Let's try something new: *7 days, 7 statistical misconceptions*.
Over the next 7 days I'll post about 1 statistical misconception a day. Curious to hear your favorite #statsmisconceptions, so feel free to add you own to this thread
Day 1: "Sample size has nothing to do with bias"
👆 is something I still hear regularly. This misconception seems to be based on the oversimplified idea that sample size only affects precision - something I was told repeatedly in the first years of my studies
One of my favorite examples showing that sample size and bias *can* be related is the bias in ratio measures such as odds ratios or hazard ratios. This so-called small sample bias (i.e. sparse data bias) phenomenon is nicely explained here: bmj.com/content/352/bm…
Small sample bias can actually be substantial in very small data sets or in data sets with a large number of covariates (figure from bmcmedresmethodol.biomedcentral.com/articles/10.11…, % relative bias log(OR) for a logistic regression)
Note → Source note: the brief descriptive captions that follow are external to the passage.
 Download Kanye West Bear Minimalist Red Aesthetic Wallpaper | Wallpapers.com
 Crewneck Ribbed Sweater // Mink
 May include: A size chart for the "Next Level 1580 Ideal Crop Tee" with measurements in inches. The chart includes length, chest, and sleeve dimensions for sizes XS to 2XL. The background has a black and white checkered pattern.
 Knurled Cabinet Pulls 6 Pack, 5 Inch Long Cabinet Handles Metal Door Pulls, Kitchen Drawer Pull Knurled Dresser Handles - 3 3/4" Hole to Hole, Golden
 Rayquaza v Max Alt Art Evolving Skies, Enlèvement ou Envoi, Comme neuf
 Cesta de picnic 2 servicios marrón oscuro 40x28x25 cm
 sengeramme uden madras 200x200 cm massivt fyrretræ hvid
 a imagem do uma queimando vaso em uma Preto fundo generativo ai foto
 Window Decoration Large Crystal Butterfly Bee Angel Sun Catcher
Another example is "testimation bias" (book @ESteyerberg springer.com/us/book/978038…): "Overestimation of effects of predictors because of selection of effects that withstood a statistical test". Similar to the small sample bias, this type of bias decreases when sample size increases
To summarize #statsmisconception #1: the saying that sample size only affects precision is an oversimplification: sample size *can* also affect bias
Day 2: “Due to the measurement error in our data, our estimated effect should be considered a conservative estimate”
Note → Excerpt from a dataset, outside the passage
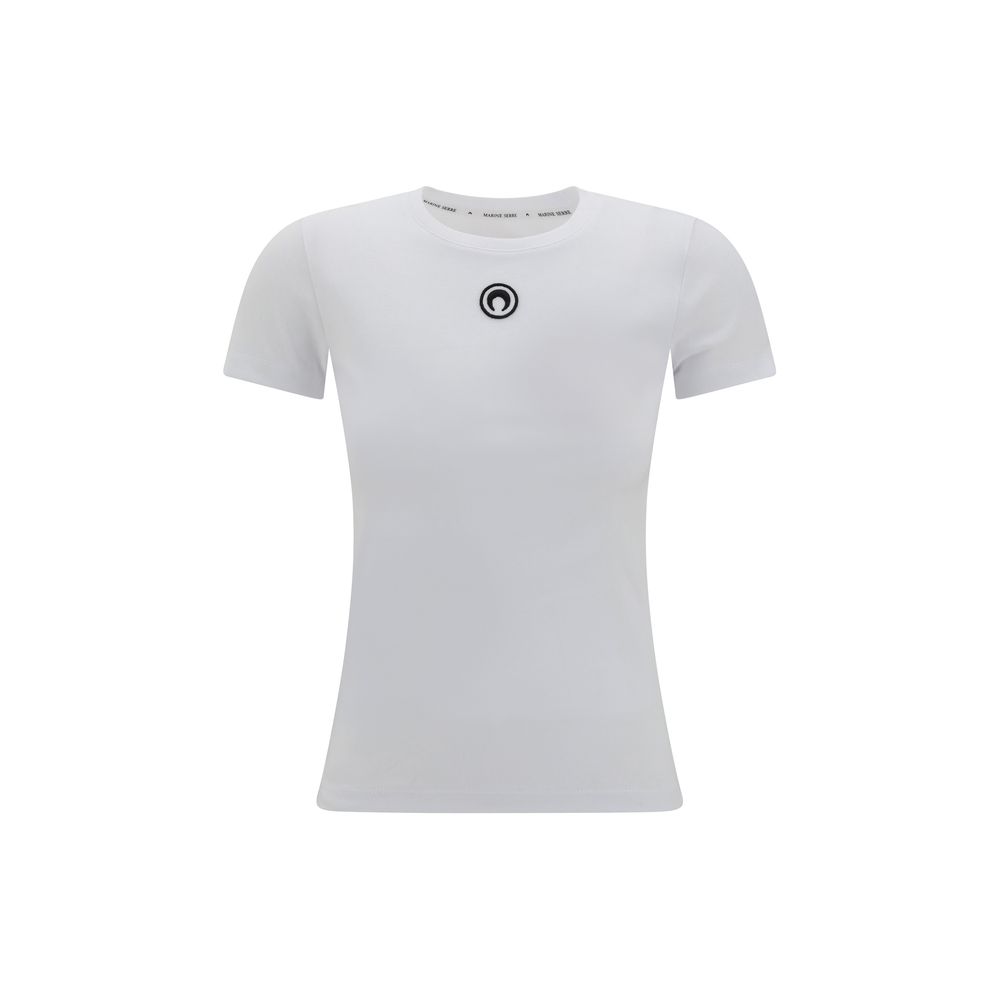 Marine Serre White Cotton T-Shirt - Timeless Elegance Redefined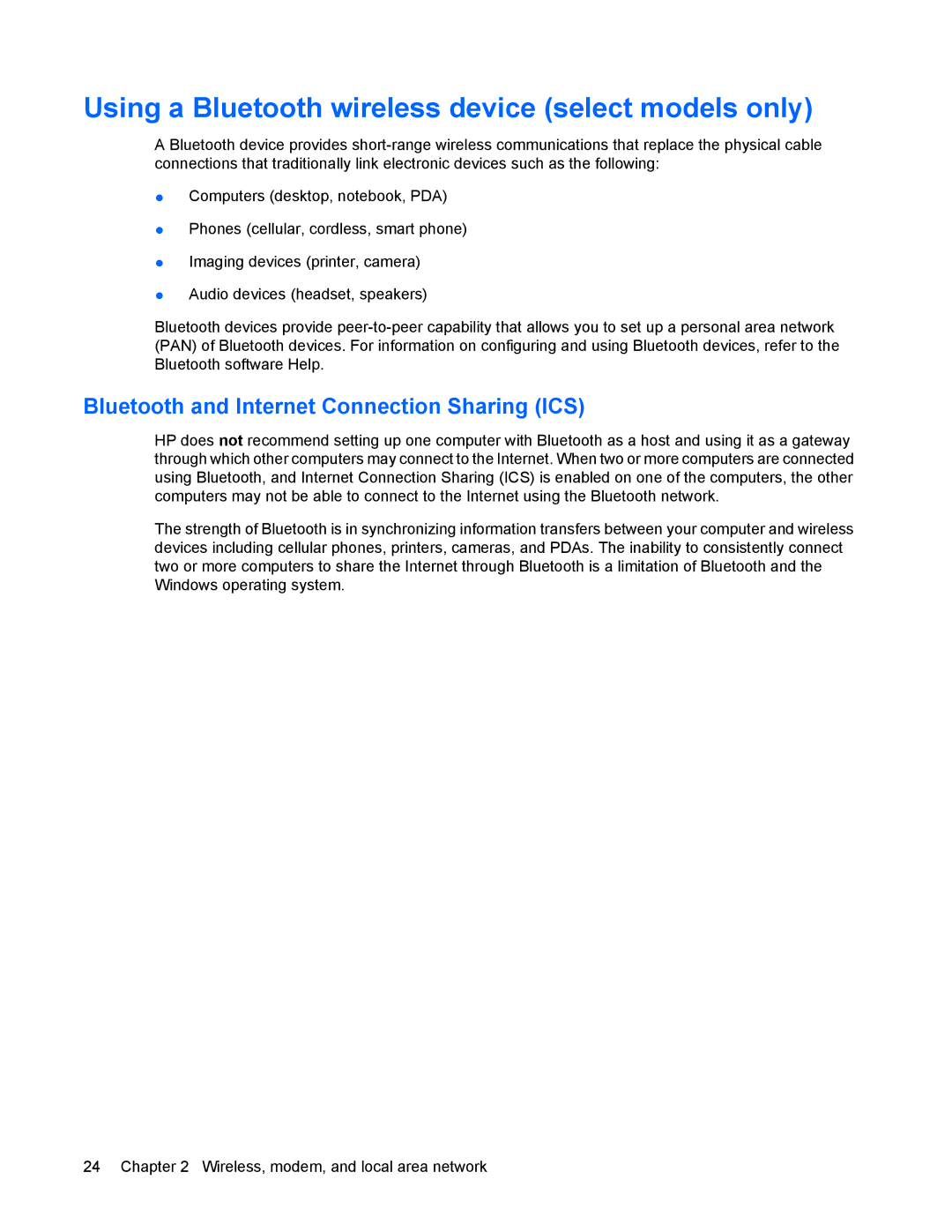 HP 8440P manual Using a Bluetooth wireless device select models only, Bluetooth and Internet Connection Sharing ICS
Another term for this phenomenon is “attenuation” or “regression dilution bias” bmj.com/content/340/bm…
Anticipating attenuation of an effect estimate due to measurement error (= in continuous variables) or misclassification (= in categorical variables) isn’t wrong per se, but it is not nearly as generally applicable as most of us like to think
(I use the term “effect” very generally here as the parameter of primary interest in a scientific study. It may, for instance, represent an estimated difference in means or - more generally - a regression coefficient)
Starting point: the signal-to-noise analogy for analysis of data with measurement error. By this analogy, effects that “survive” noise must be strong effects that tend to be underestimated because of the noise. This analogy doesn’t have much truth to it: science.sciencemag.org/content/355/63…
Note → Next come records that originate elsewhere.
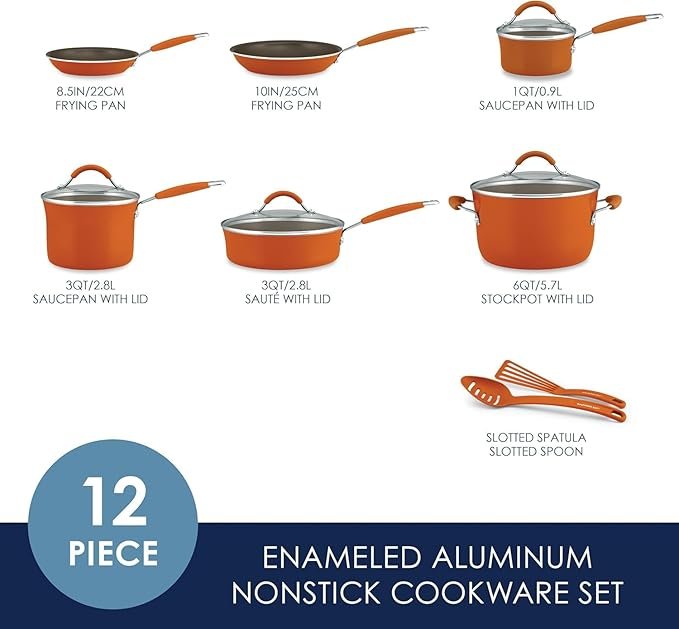 rachael ray cucina nonstick cookware pots and pans set, 12 piece, pumpkin orange rachael ray cucina nonstick cookware pots and pans set, 12 piece, pumpkin orange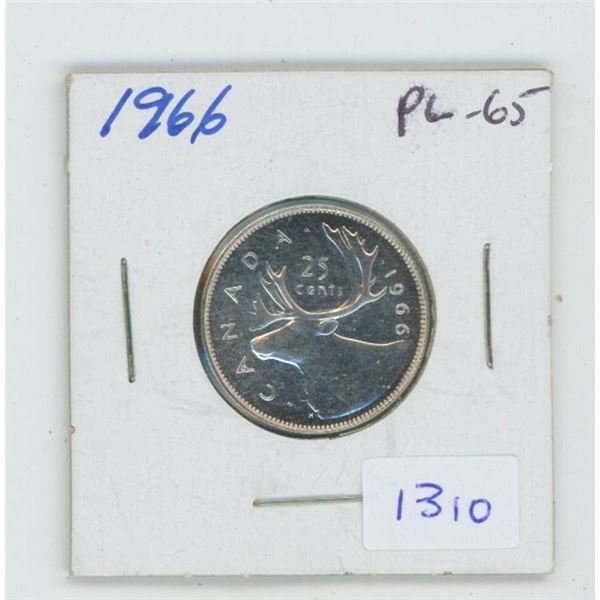 1966 Silver 25 Cents. Proof Like-65. Nice.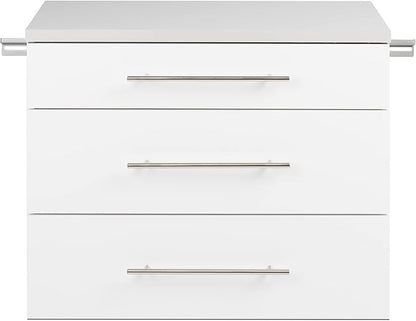 Prepac HangUps 30” Wide Wall Mount 3-Drawer Storage Cabinet, Ideal for Tool Storage, Organization for Garage, Kitchen, Laundry, Bathroom, Home Office and More, 30”W x 24”H x 16”D, White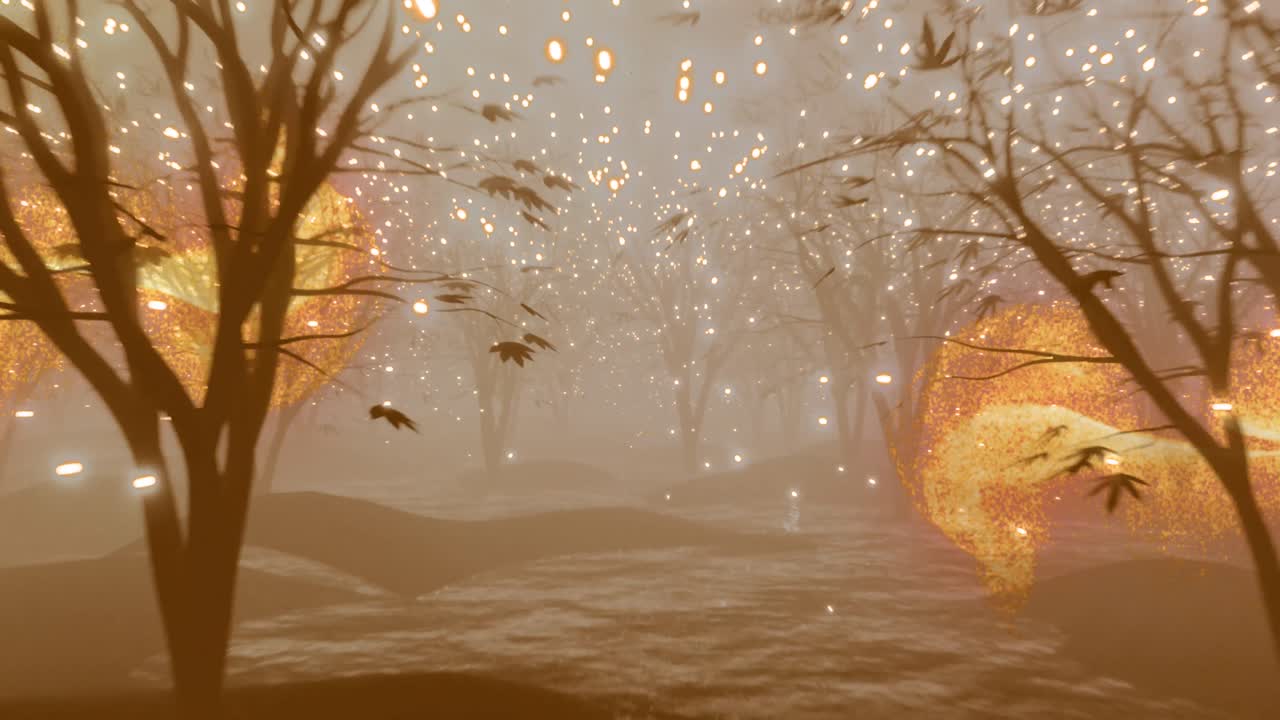 나무 위에 떨어지는 빛의 반점의 애니메이션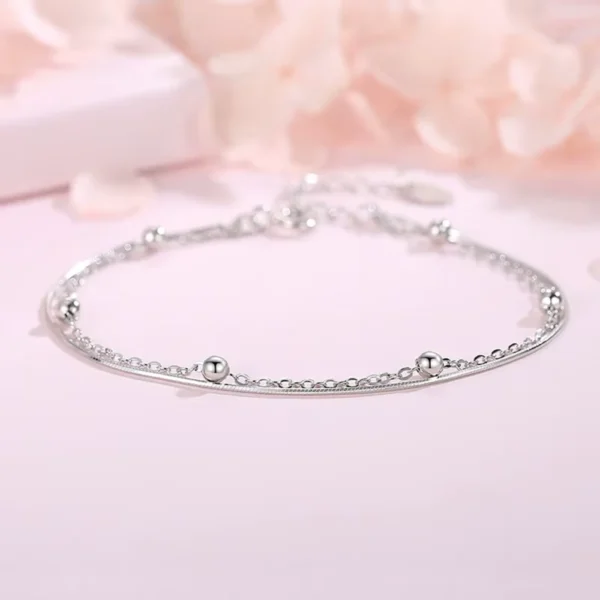 Pulsera Doble Cadena Esferas Aurora Fondo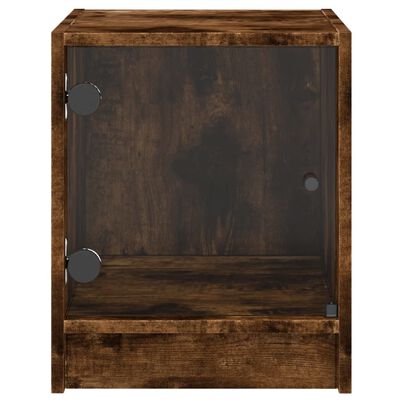 vidaXL Bedside Cabinet with Glass Door Smoked Oak 35x37x42 cm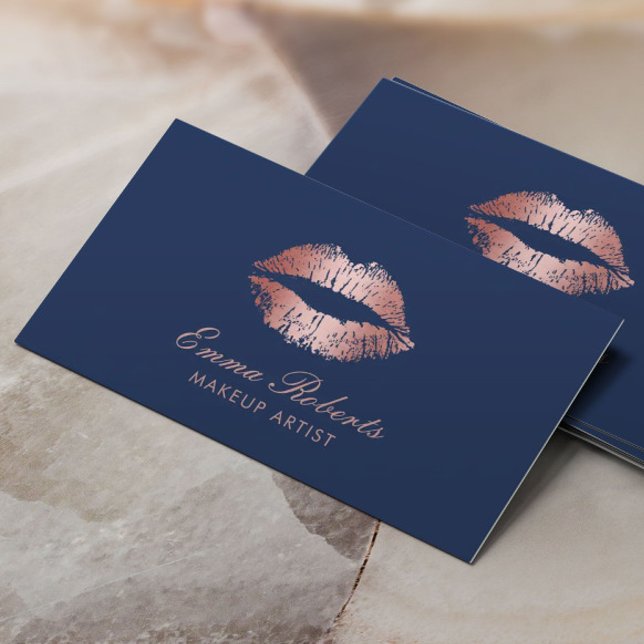Makeup Artist Rose Gold Lips Navy Blue Salon Business Card (Creator Uploaded)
So what actually happens to an effect estimate? It depends on
- structure of error (is it random error?)
- statistical model (linear regression isn’t logistic regression so to speak)
- role of the variable with error (is it the outcome?)
- other variables in the model
It turns out to be difficult to predict even the direction of measurement error induced bias. For a simple illustration of this, see: journals.plos.org/plosone/articl…
For an even more sobering example, see: academic.oup.com/aje/article-ab…. (spoiler: effect estimate can go up or down and even change direction, even though the correlation between the "truth" and the error variable was >0.95)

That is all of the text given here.